Folk-Punk Revival Tour: Hawthorne Theater, Portland, Oregon
 
            Something funny happens to punk rockers when they get a little older. They grow kinda tired of always being so pissed all the time. They get weary of screaming into the microphone so desperately and pumping their fist up at the cosmos with such reactionary indignity. They just calm down a little. And in some incomprehensible rite of passage, they start playing folk music.
But is it really so incomprehensible? After one of the most seminally cool Monday nights I’ve spent in a real long while watching Chuck Ragan from Hot Water Music, Tim Barry from Avail, Ben Nichols from Lucero, and “Kevin Seconds” from Seven Seconds rock out acoustic-style for the Portland stop of the “Folk-Punk Revival Tour,” I’m not so sure anymore. The show began with said roster of legendary punks and some other close friends lighting up the freakin’ place with some almighty acoustic rockouts, followed by each performer doing a solo set.
I really didn’t know what to expect heading into this. I’m down for “folk,” but the term “revival tour” always sort of scares me off. However, the entire show was exquisite and powerful. Slide guitars, fiddles, all-out acoustic rockouts. Stories about broken hearts and broken arms and jailbreaks. An absolutely rapt crowd spilling beers and shouting encouragement in a casual, public house kinda setting. So awesome.
I found myself a little tipsy, pushed up front to rest my elbows on the stage, and accidentally fell in love with Lucero’s Ben Nichols as he sat on that stool and poured his heart out into the room. Yeah, love that gravelly voice and those stories. But he’d “been drinking” too, and eventually had a hard time undertaking the basic duties of a stage performer, like singing lyrics and such. “There’s a lot of words in that song,” he slurred at one point.

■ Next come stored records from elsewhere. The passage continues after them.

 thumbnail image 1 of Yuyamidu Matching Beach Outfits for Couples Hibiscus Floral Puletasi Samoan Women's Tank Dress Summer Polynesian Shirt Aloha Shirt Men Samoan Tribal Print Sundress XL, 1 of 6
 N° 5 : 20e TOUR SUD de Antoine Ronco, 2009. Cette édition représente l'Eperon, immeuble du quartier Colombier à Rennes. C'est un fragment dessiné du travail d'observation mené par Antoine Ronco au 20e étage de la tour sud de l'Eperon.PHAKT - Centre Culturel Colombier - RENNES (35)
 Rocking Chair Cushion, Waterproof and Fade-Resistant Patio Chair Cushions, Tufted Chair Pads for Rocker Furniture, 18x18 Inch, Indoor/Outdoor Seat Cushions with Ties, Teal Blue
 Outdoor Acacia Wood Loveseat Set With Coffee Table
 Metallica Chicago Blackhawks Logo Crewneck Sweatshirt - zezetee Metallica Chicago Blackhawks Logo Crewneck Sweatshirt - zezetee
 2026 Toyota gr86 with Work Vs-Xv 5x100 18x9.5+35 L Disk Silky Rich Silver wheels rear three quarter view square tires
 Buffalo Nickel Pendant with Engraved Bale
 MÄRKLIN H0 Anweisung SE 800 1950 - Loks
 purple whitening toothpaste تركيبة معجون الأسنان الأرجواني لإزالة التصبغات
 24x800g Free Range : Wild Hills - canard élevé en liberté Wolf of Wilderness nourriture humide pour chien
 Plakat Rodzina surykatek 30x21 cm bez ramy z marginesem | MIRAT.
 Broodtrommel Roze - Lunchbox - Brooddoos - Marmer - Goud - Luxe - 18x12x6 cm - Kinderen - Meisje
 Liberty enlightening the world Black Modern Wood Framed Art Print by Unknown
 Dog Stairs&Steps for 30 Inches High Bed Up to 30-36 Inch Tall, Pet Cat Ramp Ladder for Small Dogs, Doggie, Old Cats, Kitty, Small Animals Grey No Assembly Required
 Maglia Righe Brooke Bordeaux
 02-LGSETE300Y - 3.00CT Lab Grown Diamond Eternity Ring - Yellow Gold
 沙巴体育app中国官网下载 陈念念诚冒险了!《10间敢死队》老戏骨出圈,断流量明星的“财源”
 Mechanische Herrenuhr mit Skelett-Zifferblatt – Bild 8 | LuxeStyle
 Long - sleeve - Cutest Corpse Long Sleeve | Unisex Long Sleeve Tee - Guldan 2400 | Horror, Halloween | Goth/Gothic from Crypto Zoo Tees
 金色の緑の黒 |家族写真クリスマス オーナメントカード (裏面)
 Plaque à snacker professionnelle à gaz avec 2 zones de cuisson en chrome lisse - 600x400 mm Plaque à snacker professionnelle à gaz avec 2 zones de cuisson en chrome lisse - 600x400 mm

        Anyhow, it ended up with a bunch of friends on stage sweating, swearing, and rocking. And the whole folk-versus-punk question? It didn’t even come into play. After all, nothing’s more punk than Bob Dylan or Johnny Cash, and folk music has always been protest music. But what it came down to is that without a single drum beat all night, the punk spirit was definitely alive and well.